◆ Exercise aim
Restate word for word the lines of the material below, from the line with "UNDER ARMOUR Unisex" to the line with "Image 1 of Vintage", both lines included, and no others.

◆ Data to process
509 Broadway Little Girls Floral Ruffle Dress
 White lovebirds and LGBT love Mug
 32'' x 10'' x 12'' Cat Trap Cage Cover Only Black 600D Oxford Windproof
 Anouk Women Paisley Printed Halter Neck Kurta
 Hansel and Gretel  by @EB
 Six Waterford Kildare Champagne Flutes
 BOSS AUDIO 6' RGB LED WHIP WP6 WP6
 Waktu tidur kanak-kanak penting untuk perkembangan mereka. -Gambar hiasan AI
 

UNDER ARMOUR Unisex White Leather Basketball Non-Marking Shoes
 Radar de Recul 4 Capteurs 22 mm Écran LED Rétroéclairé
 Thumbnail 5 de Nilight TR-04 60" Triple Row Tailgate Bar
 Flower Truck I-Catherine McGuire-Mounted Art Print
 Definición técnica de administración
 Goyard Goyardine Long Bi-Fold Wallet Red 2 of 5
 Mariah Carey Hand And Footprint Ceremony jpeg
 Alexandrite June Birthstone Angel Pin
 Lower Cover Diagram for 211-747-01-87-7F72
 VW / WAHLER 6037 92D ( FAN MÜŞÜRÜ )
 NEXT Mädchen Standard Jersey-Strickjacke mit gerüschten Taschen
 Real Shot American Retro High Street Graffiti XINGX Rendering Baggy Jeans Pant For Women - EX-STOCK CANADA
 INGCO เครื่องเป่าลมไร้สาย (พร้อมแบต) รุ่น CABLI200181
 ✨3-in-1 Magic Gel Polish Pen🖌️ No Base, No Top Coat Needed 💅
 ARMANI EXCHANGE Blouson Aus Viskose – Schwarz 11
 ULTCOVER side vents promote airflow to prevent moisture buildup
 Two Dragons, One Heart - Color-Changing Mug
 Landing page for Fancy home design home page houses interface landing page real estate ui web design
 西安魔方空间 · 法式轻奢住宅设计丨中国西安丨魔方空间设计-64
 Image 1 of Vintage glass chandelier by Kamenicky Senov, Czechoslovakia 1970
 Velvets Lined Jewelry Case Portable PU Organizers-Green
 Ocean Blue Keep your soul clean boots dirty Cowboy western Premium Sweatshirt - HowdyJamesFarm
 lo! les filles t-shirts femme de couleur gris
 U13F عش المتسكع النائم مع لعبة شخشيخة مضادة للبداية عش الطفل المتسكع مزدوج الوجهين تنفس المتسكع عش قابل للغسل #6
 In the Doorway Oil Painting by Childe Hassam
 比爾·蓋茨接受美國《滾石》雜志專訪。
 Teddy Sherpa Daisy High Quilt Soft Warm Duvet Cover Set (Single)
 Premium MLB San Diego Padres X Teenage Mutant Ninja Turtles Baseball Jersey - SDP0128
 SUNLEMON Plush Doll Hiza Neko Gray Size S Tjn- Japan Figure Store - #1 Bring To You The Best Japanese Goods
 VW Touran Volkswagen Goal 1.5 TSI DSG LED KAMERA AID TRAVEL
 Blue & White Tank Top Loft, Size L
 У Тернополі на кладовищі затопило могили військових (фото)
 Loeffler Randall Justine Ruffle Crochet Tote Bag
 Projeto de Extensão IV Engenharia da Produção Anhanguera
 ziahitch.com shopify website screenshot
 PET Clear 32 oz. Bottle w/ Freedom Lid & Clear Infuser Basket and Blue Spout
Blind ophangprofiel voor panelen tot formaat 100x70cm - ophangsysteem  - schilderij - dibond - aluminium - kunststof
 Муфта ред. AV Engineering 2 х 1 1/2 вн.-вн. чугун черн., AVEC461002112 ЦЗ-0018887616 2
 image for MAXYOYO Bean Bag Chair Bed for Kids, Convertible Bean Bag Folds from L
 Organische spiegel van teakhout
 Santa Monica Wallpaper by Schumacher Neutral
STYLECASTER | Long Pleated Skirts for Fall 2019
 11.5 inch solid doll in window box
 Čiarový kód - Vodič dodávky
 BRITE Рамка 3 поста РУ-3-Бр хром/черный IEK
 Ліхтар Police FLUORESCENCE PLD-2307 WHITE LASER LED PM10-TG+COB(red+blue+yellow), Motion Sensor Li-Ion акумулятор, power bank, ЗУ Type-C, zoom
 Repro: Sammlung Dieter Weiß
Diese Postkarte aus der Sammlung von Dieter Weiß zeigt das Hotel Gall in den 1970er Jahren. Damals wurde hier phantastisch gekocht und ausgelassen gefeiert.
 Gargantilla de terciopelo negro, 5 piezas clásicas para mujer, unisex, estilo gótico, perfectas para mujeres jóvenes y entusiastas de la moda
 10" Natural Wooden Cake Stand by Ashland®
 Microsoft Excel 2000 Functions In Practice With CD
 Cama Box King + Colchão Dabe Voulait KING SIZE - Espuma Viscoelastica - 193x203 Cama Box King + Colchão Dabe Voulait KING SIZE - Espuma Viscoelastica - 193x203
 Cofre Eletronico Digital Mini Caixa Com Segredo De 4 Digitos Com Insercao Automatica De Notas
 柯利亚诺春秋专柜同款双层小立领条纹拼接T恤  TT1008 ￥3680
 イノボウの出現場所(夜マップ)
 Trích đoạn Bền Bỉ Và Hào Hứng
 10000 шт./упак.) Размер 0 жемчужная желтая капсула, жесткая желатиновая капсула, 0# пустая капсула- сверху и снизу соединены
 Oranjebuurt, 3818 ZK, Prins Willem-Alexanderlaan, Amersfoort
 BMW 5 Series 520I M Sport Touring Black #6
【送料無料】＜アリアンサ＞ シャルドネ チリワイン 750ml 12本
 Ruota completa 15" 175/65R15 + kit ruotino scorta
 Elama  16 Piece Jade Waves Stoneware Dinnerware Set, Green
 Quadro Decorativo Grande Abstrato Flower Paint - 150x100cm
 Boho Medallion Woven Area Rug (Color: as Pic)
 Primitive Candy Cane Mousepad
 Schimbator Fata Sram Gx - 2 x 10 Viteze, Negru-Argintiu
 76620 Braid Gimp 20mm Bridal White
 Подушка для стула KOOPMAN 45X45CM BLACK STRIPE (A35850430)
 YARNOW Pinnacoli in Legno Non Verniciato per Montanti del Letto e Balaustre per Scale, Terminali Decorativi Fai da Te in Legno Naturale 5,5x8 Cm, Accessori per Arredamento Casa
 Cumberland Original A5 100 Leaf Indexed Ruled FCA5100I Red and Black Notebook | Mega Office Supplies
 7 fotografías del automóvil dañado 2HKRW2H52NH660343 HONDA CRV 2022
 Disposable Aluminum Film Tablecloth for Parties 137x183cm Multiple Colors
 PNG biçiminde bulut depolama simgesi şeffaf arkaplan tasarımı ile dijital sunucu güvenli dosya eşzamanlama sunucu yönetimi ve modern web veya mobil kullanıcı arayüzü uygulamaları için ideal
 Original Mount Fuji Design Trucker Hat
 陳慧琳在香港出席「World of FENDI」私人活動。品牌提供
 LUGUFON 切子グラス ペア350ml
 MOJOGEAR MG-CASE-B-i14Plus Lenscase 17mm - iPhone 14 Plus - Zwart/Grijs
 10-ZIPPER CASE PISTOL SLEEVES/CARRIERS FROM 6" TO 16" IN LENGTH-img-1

◆ Answer to the exercise
UNDER ARMOUR Unisex White Leather Basketball Non-Marking Shoes
 Radar de Recul 4 Capteurs 22 mm Écran LED Rétroéclairé
 Thumbnail 5 de Nilight TR-04 60" Triple Row Tailgate Bar
 Flower Truck I-Catherine McGuire-Mounted Art Print
 Definición técnica de administración
 Goyard Goyardine Long Bi-Fold Wallet Red 2 of 5
 Mariah Carey Hand And Footprint Ceremony jpeg
 Alexandrite June Birthstone Angel Pin
 Lower Cover Diagram for 211-747-01-87-7F72
 VW / WAHLER 6037 92D ( FAN MÜŞÜRÜ )
 NEXT Mädchen Standard Jersey-Strickjacke mit gerüschten Taschen
 Real Shot American Retro High Street Graffiti XINGX Rendering Baggy Jeans Pant For Women - EX-STOCK CANADA
 INGCO เครื่องเป่าลมไร้สาย (พร้อมแบต) รุ่น CABLI200181
 ✨3-in-1 Magic Gel Polish Pen🖌️ No Base, No Top Coat Needed 💅
 ARMANI EXCHANGE Blouson Aus Viskose – Schwarz 11
 ULTCOVER side vents promote airflow to prevent moisture buildup
 Two Dragons, One Heart - Color-Changing Mug
 Landing page for Fancy home design home page houses interface landing page real estate ui web design
 西安魔方空间 · 法式轻奢住宅设计丨中国西安丨魔方空间设计-64
 Image 1 of Vintage glass chandelier by Kamenicky Senov, Czechoslovakia 1970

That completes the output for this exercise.